A few weeks after this, Mr. Hill was much depressed in spirits, partly from bodily illness, partly because he was about to leave Cambridge and its surrounding villages, where he had latterly so frequently preached, but chiefly from the fact that he was going home, where he would again meet the frowns of his honored parents, for what they deemed his overrighteousness. In the midst of all this, however, he knew that he would meet at Hawkstone, his father's residence, the cordial welcome of his sister and elder brother, Richard Hill, afterwards a baronet. This gentleman had lately become a village preacher and a visitor of prisons, like his brother. Under these circumstances he was addressed by Whitefield, in his own peculiar and energetic style: "What said our Lord to Martha? 'Did I not say unto thee, If thou wouldest believe, thou shouldst see the glory of God?' Blessed, for ever blessed be the God and Father of our Lord Jesus Christ, for what he hath done for your dear brother. A preaching, prison-preaching, field-preaching esquire, strikes more than all the black gowns and lawn sleeves in the world. And if I am not mistaken, the great Shepherd and Bishop of souls will let the world, and his own children too, know that he will not be prescribed to in respect to men, or garbs, or places; much less will he be confined to any order or set of men under heaven. I wish you both much, very much prosperity. You will have it—you will have it. This is the way, walk ye in it. Both Tabernacle and [Tottenham Court-road] chapel pulpits shall be open to a captain or an esquire sent of God. The good news from Oxford is encouraging. Say what they will, preaching should be one part of the education of a student in divinity. I pray for you night and day."

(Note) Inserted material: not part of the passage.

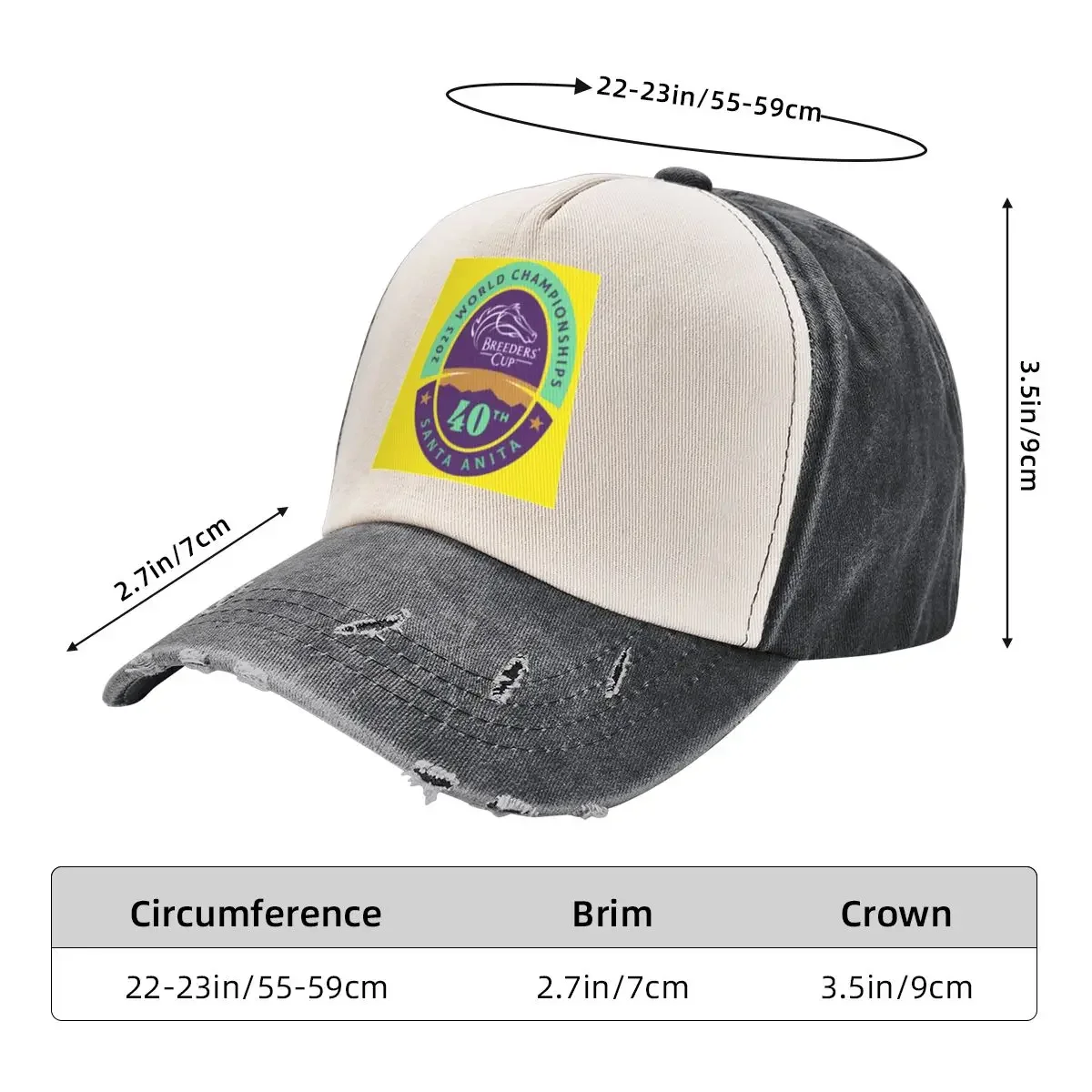 Breeders cup 2023 Championchips 40e Santa Anita Baseball Cap Ball Cap Strand Anime Hoed grappige hoed Dames Strandvizier Heren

On the arrival of Mr. Hill at his father's beautiful seat, it was his happiness to find that his brother Brian, afterwards useful as a clergyman, was added to the number of believers in Christ; he learned also, that one of his college friends had been threatened to have an exhibition, or yearly gift towards his university expenses, withdrawn, unless he renounced his evangelical doctrines and practices. The reader will now understand Mr. Whitefield's letter: "I have been sadly hindered from answering your last letter, delivered to me by your brother. I gave it him to read, and we had, I trust, a profitable conference. God be praised if another of your brothers is gained. What grace is this! Four or five out of one family—it is scarcely to be paralleled. Who knows but the root, as well as the branches, may be taken by and by? Abba, Father, all things are possible with thee! Steadiness and perseverance in the children will be one of the best means, under God, of convincing the parents. This present opposition I think cannot last very long; if it does, to obey God rather than man, when forbidden to do what is undoubted duty, is the invariable rule. Our dear Penty [afterwards the Rev. Thomas Pentycross] is under the cross at Cambridge. But

"'Satan thwarts, and men object,
Yet the thing they thwart effect.'

I should be glad if any one's exhibition was taken from him for visiting the sick, etc. It would vastly tend to the furtherance of the gospel; but Satan sees too far, I imagine, to play such a game now. Let him do his work; he is only a mastiff chained. Continue to inform me how he barks, and how far he is permitted to go in your parts; and God's people shall be more stirred up to pray for you all."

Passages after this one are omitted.